What you will do -> Lines from the line with "11616 Champion Creek Drive, Frisco, TX 75036" to the line with "Nike Toddler Water" in the entries below, and only those, must be output exactly, with both ends included.

──────── Extracted information

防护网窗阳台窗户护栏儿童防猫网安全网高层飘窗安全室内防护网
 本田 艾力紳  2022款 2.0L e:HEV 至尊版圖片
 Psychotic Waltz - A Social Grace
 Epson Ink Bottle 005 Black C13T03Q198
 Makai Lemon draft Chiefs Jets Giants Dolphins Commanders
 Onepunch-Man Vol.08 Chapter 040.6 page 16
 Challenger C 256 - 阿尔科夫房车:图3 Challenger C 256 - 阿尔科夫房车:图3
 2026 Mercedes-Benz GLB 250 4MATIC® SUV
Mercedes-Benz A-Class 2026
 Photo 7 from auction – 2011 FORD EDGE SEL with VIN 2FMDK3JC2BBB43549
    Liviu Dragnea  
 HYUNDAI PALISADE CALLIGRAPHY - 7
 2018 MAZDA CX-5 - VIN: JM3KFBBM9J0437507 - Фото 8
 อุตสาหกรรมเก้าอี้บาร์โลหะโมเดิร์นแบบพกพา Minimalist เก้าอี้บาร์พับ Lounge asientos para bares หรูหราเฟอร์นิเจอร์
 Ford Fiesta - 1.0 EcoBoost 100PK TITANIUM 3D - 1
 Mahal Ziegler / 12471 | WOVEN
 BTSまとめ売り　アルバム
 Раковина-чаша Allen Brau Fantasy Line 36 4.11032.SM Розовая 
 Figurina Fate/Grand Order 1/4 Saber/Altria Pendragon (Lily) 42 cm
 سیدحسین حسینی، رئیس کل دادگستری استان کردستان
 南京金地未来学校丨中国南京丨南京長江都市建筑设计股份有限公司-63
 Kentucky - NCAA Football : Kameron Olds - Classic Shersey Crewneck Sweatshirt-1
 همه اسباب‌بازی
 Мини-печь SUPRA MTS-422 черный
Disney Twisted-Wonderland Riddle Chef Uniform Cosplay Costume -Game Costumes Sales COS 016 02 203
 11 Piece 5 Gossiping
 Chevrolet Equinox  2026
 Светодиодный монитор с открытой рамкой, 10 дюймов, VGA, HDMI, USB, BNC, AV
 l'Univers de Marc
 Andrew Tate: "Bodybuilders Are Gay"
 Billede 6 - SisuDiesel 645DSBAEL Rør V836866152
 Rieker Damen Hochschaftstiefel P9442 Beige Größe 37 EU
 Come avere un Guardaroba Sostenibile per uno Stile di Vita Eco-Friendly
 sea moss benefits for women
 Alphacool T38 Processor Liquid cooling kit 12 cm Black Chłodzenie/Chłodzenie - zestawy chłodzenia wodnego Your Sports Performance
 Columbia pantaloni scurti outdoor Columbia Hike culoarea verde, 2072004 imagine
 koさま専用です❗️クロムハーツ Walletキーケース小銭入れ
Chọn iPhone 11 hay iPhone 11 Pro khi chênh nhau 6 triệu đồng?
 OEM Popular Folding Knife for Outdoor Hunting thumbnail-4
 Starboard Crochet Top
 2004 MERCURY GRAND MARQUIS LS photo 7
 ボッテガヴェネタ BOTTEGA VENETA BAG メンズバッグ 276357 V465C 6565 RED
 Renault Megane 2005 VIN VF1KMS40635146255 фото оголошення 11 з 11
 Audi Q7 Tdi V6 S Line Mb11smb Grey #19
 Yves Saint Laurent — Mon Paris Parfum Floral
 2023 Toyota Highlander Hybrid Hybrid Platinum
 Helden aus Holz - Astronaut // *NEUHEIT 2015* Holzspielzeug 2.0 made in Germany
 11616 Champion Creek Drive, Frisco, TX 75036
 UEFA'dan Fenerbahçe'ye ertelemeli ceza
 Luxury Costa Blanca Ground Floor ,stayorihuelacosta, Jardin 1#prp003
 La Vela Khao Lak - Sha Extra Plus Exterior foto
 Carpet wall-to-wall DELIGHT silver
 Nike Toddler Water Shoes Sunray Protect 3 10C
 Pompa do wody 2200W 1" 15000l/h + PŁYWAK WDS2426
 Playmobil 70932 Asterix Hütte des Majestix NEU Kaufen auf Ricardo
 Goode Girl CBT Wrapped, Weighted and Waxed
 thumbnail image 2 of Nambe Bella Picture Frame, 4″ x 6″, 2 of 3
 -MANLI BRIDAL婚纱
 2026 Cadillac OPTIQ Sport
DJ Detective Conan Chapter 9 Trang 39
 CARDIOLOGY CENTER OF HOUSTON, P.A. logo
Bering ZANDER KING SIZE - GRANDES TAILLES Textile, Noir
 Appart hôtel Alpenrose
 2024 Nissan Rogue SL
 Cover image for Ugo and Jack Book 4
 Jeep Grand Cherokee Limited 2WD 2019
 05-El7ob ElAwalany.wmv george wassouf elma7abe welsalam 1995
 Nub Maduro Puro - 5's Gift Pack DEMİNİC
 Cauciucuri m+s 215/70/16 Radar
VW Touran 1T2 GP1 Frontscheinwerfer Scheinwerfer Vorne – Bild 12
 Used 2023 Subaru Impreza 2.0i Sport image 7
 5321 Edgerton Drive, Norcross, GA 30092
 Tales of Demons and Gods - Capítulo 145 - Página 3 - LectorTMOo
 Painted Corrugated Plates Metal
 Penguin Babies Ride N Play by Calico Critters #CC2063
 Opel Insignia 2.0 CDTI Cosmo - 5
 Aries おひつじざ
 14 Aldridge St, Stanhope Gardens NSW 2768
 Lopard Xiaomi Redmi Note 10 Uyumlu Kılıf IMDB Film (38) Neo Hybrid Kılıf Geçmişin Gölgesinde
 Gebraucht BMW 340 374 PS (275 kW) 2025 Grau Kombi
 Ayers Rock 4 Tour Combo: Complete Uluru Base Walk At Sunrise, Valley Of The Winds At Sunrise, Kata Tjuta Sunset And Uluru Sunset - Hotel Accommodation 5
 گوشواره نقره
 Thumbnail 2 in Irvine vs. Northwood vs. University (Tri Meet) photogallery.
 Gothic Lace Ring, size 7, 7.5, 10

────────────────

Solution for this problem ->
 11616 Champion Creek Drive, Frisco, TX 75036
 UEFA'dan Fenerbahçe'ye ertelemeli ceza
 Luxury Costa Blanca Ground Floor ,stayorihuelacosta, Jardin 1#prp003
 La Vela Khao Lak - Sha Extra Plus Exterior foto
 Carpet wall-to-wall DELIGHT silver
 Nike Toddler Water Shoes Sunray Protect 3 10C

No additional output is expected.